I have used the one at the Do it yourself place. When I bath Susie and use it on her (it is not hot air) it blows the hair everywhere. I would not want to use one in my house and try and clean up all the hair though.


----------



## Kudzu (Aug 15, 2013)

I use my own blow dryer on a warm setting on my short haired dogs after a bath in winter. There are a lot of sleepy-eyes and mmmmmm--ing. They love it!


----------



## Xeph (May 7, 2007)

Heat isn't good for the coat (or testicles!) which is why the pros use forced air.

I have a grooming set up in my basement, so hair all over isn't a problem


----------



## Kudzu (Aug 15, 2013)

Luckily I have 2 mutts without testicles! And they only get a bath about twice in winter.


----------



## gingerkid (Jul 11, 2012)

Yeah, I've been just using a blow-dryer (or two), set to "Warm" because I was concerned about him overheating. It takes FOREVER though and I usually give up after ~45 minutes when he's still damp, and then his coat is still a bit curly and harder to brush. I'm thinking that for the $100, even a "cheap" force-dryer would probably save my hair dryer, and we can probably use it outside in the spring/summer, when he needs the most baths anyway. For a white dog who dislikes water, Snowball sure loves mud puddles. :doh:


----------



## DogLover5927 (Jan 8, 2014)

Where I work in my local dog and cat grooming salon (I'm a bather) we use these dryers:
http://www.ebay.com/itm/K-9-Fluffer...060?pt=LH_DefaultDomain_0&hash=item4618a32e0c

We also use these and they are more for the really big dogs with lots of hair and to dry their under coat (no dial, just switches):
http://www.ebay.com/itm/K-9-III-Dog...176?pt=LH_DefaultDomain_0&hash=item46108529d8

I personally like them because with the dial you can make the air come out super high, low or in between. When new puppies come into the shop we put it at a low setting so they can get used to it and learn that theirs nothing to freak out about because nothing bad is happening. Once the dog is used to it you can adjust it as high as you want and therefore the dog gets dry faster. Good luck.


----------



## prntmkr (Jan 17, 2009)

gingerkid said:


> Just wondering if anyone has any experience with an at-home force dryer...
> Does anyone have an experience with them?


Sorry. No.

If it helps, we have one of these:
http://www.amazon.com/ChallengAir-2000AD-XL-Dryer-Spd/dp/B00061MPJC

We see them in use at dogs shows quite often.
They're sturdy and durable.
Ours still works (and looks) like new after about 7 years.
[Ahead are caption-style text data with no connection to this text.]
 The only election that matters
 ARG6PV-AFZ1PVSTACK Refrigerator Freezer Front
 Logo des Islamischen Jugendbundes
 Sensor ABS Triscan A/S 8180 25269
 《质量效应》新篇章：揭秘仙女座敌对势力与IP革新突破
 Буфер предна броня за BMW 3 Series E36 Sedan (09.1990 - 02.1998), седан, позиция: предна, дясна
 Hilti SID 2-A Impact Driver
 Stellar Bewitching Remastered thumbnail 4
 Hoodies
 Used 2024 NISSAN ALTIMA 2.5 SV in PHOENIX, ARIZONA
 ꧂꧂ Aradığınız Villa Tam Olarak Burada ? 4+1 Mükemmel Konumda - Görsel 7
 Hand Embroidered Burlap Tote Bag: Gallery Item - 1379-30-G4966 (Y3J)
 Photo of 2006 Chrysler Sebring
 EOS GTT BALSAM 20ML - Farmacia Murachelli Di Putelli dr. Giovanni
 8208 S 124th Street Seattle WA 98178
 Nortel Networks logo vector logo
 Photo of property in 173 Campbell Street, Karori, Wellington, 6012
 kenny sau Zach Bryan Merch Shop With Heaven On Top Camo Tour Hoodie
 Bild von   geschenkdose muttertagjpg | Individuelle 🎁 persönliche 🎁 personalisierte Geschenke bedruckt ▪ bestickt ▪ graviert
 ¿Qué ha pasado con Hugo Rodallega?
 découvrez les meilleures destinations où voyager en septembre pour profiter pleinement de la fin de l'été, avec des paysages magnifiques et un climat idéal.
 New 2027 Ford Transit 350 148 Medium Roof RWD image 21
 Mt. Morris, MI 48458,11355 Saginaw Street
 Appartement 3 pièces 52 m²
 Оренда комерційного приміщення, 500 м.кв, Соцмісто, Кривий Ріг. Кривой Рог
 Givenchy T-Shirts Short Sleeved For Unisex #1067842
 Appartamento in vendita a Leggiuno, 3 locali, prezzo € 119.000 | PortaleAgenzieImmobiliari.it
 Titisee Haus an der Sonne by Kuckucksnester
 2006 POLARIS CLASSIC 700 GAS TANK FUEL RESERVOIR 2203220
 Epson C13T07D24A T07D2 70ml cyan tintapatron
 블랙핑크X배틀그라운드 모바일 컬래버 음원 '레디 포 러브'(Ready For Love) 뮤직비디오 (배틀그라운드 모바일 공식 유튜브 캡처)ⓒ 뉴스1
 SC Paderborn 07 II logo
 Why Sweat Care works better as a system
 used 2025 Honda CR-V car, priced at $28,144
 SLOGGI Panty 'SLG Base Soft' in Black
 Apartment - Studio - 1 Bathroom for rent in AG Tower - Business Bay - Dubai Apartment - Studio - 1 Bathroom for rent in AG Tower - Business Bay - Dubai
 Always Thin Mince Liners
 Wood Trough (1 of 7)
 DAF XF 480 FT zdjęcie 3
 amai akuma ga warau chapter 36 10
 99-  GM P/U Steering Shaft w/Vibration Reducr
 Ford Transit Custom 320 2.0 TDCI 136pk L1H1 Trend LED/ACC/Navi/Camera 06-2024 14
It does produce a surprising volume of air but, 
without heat (which we wouldn't use anyways)
it does take a while to dry a 120+ BRT in full show coat.


----------



## Dogmom1982 (12 mo ago)

What psi and attachments do you use?


----------



## LeoRose (Aug 20, 2015)

This is an eight year old thread, and none of the participants are active any more. 

Since you are asking about PSI, I'm going to assume you are talking about the person who said they used an air compressor? Honestly, that is *not *something I would do. Forced air dryers are made to be used on dogs. Air compressors are not.


----------